Hi there,
We are having trouble with a 3 nodes cluster that is rebooting every node simultaneously every few days.
We are using OVH servers, so only unicast is available, OVH vracks being more expensive and we dont need more than 3 nodes.
We are using software RAID with SSD drives and our VMs are in HA with a distant NFS storage.
We also have checked the OVH servers status page and there were no maintenance at that moment.
This is the third time this happens and the only thing we could do is send an email on boot to check that everything is back to normal.
There is a reboot order shown with the following command, so something must have asked for it :
######
root@prdproxmox3:~# last reboot
reboot system boot 4.4.13-1-pve Thu Aug 4 15:21 - 18:43 (03:21)
#######
What could send that reboot order ? And how could it transmit to the other nodes ?
Our best guess is a problem with the cluster, a hardware problem is more unlikely.

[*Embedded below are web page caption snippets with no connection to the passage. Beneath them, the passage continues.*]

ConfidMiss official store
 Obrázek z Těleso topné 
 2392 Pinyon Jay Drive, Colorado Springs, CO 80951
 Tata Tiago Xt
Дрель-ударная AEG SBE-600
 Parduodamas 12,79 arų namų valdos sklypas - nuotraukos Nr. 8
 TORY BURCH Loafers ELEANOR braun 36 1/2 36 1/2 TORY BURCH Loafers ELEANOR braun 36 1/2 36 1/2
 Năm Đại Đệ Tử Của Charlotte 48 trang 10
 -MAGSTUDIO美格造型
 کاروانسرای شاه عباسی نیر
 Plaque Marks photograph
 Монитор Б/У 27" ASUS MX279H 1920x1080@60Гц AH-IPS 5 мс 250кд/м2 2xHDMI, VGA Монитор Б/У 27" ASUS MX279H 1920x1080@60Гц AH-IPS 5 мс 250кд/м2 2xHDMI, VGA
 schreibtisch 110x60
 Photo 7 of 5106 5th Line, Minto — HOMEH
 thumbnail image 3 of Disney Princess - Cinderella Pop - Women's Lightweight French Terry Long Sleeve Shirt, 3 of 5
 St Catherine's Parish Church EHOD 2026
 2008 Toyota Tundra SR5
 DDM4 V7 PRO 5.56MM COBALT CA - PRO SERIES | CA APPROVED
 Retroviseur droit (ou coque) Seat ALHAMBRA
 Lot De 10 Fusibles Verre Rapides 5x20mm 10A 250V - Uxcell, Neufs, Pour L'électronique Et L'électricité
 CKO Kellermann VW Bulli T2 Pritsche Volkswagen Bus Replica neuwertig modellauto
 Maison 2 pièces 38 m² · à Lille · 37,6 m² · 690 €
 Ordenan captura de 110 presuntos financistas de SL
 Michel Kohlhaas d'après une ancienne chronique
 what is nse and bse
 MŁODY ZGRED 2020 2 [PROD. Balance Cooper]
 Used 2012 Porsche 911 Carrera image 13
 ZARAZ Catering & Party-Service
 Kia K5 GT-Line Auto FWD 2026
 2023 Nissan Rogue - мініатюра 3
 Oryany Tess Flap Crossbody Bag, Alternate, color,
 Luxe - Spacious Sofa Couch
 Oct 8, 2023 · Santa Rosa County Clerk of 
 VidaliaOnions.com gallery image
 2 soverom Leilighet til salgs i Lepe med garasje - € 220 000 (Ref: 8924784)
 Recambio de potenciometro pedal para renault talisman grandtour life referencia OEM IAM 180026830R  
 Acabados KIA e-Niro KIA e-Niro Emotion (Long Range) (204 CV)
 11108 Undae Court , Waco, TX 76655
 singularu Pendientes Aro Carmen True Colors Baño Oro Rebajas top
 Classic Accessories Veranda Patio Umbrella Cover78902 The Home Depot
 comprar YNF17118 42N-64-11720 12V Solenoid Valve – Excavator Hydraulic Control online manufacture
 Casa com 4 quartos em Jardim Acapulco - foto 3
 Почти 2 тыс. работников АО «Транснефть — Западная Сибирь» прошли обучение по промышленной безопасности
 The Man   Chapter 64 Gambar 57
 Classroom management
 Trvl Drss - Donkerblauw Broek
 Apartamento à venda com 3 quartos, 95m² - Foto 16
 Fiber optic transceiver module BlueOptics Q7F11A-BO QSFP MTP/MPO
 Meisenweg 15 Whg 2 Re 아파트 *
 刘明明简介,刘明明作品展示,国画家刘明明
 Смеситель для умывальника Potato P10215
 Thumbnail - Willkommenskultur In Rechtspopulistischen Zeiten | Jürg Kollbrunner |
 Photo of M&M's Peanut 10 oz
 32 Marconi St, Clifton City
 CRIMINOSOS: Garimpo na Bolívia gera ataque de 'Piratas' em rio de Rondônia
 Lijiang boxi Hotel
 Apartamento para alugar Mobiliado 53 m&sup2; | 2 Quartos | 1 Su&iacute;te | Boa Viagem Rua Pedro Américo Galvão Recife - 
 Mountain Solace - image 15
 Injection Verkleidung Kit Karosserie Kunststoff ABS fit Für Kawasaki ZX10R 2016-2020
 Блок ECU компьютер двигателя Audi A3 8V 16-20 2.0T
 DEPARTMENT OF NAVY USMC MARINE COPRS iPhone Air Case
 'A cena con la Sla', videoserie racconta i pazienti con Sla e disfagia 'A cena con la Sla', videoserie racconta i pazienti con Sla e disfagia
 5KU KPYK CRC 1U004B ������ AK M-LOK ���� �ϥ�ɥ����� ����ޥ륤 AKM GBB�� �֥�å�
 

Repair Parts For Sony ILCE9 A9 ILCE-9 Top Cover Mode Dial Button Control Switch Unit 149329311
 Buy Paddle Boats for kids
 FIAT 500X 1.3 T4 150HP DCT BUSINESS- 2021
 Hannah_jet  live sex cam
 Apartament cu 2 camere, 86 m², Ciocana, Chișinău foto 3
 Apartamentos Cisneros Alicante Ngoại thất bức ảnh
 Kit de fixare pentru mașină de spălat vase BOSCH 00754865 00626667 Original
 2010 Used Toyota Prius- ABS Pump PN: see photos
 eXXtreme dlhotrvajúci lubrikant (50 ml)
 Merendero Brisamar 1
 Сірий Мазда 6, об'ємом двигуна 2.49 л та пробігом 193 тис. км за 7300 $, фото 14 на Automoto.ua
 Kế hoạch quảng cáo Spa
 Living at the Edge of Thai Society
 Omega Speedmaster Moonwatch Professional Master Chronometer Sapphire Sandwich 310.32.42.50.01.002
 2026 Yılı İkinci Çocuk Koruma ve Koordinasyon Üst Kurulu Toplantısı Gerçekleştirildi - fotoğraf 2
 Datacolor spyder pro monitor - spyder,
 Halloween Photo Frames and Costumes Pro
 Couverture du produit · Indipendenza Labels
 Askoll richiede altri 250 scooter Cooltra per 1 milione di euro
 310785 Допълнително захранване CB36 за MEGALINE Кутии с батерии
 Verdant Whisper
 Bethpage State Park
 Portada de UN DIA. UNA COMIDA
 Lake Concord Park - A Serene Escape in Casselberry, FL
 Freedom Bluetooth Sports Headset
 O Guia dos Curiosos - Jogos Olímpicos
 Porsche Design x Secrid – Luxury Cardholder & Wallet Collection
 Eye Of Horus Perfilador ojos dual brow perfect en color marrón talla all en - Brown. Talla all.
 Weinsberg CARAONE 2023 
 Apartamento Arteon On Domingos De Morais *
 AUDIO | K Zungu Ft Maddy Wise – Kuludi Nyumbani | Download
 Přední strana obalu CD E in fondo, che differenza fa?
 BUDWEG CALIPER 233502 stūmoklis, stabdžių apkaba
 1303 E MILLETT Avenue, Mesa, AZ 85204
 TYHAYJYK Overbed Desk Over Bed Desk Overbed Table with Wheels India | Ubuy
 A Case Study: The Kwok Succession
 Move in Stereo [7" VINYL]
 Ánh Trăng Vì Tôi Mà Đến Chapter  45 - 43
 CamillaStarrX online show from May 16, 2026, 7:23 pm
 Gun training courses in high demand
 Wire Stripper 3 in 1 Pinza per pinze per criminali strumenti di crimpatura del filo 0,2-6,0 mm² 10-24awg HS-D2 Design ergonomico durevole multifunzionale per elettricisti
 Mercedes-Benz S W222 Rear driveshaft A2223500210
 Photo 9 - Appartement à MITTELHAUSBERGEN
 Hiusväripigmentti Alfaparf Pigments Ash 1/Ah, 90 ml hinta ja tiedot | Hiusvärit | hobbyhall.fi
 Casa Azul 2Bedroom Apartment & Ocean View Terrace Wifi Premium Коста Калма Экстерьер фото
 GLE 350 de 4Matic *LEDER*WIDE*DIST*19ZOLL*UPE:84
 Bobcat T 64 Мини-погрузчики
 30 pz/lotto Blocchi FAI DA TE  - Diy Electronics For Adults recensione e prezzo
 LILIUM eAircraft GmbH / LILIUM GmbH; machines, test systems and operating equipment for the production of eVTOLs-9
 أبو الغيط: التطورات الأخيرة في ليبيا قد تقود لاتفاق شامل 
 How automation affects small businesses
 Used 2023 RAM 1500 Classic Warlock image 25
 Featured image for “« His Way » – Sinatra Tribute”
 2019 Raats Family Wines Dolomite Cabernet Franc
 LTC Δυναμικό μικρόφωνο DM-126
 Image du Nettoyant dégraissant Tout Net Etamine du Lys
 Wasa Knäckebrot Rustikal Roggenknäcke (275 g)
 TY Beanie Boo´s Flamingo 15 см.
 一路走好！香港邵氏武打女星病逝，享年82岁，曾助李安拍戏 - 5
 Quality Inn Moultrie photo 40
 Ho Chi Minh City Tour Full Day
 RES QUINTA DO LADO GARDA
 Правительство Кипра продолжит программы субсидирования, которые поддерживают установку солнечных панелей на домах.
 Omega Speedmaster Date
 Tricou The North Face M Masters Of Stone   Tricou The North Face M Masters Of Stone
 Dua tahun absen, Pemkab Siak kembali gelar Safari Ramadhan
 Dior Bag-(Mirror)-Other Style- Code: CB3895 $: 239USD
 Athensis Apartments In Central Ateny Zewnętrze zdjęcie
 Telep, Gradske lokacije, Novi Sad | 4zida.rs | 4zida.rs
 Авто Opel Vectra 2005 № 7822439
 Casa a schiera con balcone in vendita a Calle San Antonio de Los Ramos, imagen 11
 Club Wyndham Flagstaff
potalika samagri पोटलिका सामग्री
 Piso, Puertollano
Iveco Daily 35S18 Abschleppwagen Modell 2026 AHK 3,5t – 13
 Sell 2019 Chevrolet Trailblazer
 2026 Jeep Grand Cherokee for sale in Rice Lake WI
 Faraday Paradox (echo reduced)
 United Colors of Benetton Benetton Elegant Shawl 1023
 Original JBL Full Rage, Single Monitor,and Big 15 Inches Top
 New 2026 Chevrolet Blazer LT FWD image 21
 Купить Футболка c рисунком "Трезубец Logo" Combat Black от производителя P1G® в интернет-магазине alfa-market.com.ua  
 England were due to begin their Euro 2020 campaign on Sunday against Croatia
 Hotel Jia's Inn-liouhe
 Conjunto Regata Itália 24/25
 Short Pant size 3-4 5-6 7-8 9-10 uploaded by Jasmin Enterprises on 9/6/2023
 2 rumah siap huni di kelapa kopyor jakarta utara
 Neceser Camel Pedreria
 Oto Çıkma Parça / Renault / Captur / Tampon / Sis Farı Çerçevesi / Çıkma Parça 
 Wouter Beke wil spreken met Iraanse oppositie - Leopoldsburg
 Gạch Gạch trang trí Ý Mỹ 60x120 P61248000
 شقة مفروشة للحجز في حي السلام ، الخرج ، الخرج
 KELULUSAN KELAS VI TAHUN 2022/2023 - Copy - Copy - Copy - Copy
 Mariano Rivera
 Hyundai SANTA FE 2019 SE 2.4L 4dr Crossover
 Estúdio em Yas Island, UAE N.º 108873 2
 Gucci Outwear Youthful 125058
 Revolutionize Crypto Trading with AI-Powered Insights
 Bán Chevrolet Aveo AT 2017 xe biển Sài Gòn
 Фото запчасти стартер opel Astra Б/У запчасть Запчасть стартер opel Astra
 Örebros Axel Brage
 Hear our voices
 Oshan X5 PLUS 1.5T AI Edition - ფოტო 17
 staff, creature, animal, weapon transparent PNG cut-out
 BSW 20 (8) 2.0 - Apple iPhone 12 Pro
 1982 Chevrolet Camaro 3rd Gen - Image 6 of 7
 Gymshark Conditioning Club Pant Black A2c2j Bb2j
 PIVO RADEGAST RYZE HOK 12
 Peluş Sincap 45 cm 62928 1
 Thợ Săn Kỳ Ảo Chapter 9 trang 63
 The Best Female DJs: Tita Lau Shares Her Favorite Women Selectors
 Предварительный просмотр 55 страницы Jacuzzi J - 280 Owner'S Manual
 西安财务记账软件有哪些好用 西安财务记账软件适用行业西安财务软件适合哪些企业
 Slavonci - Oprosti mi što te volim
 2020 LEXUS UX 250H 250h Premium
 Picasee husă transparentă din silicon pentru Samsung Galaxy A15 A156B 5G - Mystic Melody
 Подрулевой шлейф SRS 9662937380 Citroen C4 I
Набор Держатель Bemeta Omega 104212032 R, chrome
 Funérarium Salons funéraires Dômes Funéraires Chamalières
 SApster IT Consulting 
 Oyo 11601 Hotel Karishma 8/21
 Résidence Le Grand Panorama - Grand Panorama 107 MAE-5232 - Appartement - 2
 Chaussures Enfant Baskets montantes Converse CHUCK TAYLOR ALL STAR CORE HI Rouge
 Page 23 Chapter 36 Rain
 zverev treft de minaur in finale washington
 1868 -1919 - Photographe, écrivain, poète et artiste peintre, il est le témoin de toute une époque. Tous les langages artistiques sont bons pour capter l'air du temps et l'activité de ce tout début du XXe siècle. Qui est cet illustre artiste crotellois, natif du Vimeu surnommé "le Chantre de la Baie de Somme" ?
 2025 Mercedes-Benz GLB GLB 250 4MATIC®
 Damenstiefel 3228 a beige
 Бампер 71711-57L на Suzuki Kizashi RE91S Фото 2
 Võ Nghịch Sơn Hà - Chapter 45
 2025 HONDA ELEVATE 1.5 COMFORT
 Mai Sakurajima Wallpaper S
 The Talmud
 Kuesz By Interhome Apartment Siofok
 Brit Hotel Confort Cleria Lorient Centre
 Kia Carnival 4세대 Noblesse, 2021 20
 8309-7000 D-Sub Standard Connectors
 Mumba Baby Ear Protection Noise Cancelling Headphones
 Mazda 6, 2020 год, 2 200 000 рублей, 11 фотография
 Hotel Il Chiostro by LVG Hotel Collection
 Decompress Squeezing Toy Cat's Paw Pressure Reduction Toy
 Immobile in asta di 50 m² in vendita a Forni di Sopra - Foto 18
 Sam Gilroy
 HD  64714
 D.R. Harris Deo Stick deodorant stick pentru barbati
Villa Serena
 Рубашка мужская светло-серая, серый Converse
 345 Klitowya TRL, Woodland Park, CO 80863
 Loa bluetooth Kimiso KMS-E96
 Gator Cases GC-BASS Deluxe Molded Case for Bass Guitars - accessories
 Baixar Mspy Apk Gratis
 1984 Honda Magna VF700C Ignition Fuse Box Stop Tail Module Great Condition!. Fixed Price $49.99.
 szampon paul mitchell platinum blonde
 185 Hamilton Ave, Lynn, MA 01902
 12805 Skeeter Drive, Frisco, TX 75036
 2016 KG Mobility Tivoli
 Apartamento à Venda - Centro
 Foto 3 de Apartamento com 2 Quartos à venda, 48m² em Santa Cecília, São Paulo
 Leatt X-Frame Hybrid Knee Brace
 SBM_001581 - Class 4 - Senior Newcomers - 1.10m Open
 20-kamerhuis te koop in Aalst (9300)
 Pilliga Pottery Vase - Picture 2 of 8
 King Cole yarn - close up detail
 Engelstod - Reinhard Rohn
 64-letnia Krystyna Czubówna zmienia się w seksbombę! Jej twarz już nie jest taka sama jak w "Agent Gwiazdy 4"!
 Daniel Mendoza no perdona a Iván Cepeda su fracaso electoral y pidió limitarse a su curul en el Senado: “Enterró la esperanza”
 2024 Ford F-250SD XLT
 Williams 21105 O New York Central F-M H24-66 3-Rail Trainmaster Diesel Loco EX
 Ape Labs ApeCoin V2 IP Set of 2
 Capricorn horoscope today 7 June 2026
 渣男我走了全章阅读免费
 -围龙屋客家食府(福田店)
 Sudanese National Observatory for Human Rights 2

If you need other informations, just ask.
Thanks.
Eliott G.
Following a sample of our syslog (feel free to ask for other logs) :
##### /var/log/syslog #####
Aug 4 15:17:01 prdproxmox3 CRON[30748]: (root) CMD (/usr/local/rtm/bin/rtm 33 > /dev/null 2> /dev/null)
Aug 4 15:17:01 prdproxmox3 CRON[30750]: (root) CMD ( cd / && run-parts --report /etc/cron.hourly)
Aug 4 15:18:01 prdproxmox3 CRON[31063]: (root) CMD (/usr/local/rtm/bin/rtm 33 > /dev/null 2> /dev/null)
Aug 4 15:18:08 prdproxmox3 pvedaemon[7020]: worker exit
Aug 4 15:18:08 prdproxmox3 pvedaemon[1823]: worker 7020 finished
Aug 4 15:18:08 prdproxmox3 pvedaemon[1823]: starting 1 worker(s)
Aug 4 15:18:08 prdproxmox3 pvedaemon[1823]: worker 31129 started
Aug 4 15:18:16 prdproxmox3 corosync[1805]: [TOTEM ] A processor failed, forming new configuration.
Aug 4 15:18:19 prdproxmox3 corosync[1805]: [TOTEM ] A new membership (3.3.3.3:3412) was formed. Members joined: 1 2 left: 1 2
Aug 4 15:18:19 prdproxmox3 corosync[1805]: [TOTEM ] Failed to receive the leave message. failed: 1 2
Aug 4 15:18:19 prdproxmox3 corosync[1805]: [QUORUM] Members[3]: 3 1 2
Aug 4 15:18:19 prdproxmox3 corosync[1805]: [MAIN ] Completed service synchronization, ready to provide service.
Aug 4 15:19:01 prdproxmox3 CRON[31369]: (root) CMD (/usr/local/rtm/bin/rtm 33 > /dev/null 2> /dev/null)
Aug 4 15:19:02 prdproxmox3 pmxcfs[1756]: [status] notice: received log
Aug 4 15:19:17 prdproxmox3 pmxcfs[1756]: [status] notice: received log
Aug 4 15:19:22 prdproxmox3 corosync[1805]: [TOTEM ] A processor failed, forming new configuration.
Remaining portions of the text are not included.